January 11, 2016 at 10:16 am
bpowers (1/11/2016)
Well after submitting the SSIS file for testing I was notified that the Header and Detail must be grouped together. Ughhh... If you still have a bcp option you'd be willing to work with me I would greatly appreciate it. Also, xp_cmdshell can be used as I will simply turn it on and off during the execution.Thanks
Jeff Moden, you have centre stage:-P
The absence of evidence is not evidence of absence
- Martin Rees
The absence of consumable DDL, sample data and desired results is, however, evidence of the absence of my response
- Phil Parkin
January 11, 2016 at 10:25 am
I can see a way of doing this in SSIS, if the output is a text file with one or two columns.
What's I'm visualizing is rows in the data flow that have both the header and detail data in each DF row. Toward the end of the data flow, there would be something to detect if the current row has a new header or not. If it's a new header, follow the path that has the header output logic. If it's not a new header, follow the path that has the details output logic.
Each row written to file would be all the required data fields, concatenated with the desired delimiters.
Sounds simple? Implementation might be a bit harder than you might expect.

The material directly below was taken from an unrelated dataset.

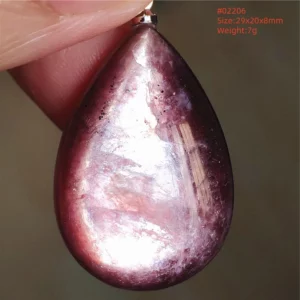 Purple Lepidolite & Red Tourmaline Flash Pendant Necklace - Image 34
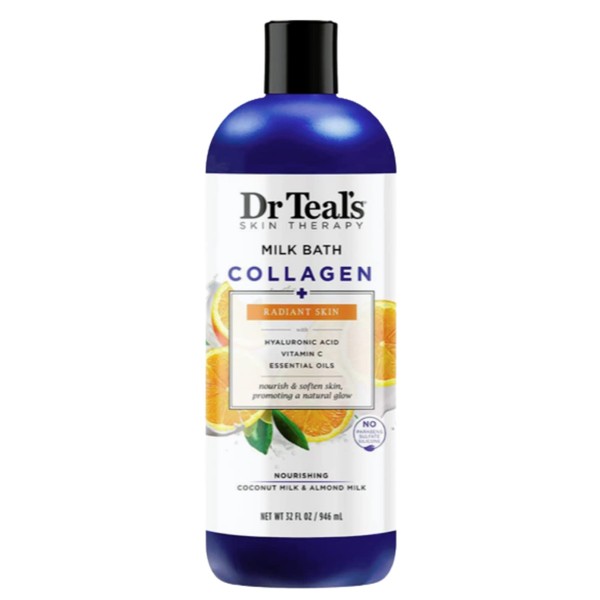 Radiant Skin Milk Bath with Collagen, Hyaluronic Acid, Vitamin C, and Essential Oils-Nourishing Coconut Milk & Almond Milk, No Parabens or Silicone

For best practices on asking questions, please read the following article: Forum Etiquette: How to post data/code on a forum to get the best help[/url]
January 11, 2016 at 10:54 am
Alvin Ramard (1/11/2016)
I can see a way of doing this in SSIS, if the output is a text file with one or two columns.What's I'm visualizing is rows in the data flow that have both the header and detail data in each DF row. Toward the end of the data flow, there would be something to detect if the current row has a new header or not. If it's a new header, follow the path that has the header output logic. If it's not a new header, follow the path that has the details output logic.
Each row written to file would be all the required data fields, concatenated with the desired delimiters.
Sounds simple? Implementation might be a bit harder than you might expect.
Yes, I can see how this would work. Hours of debugging fun await.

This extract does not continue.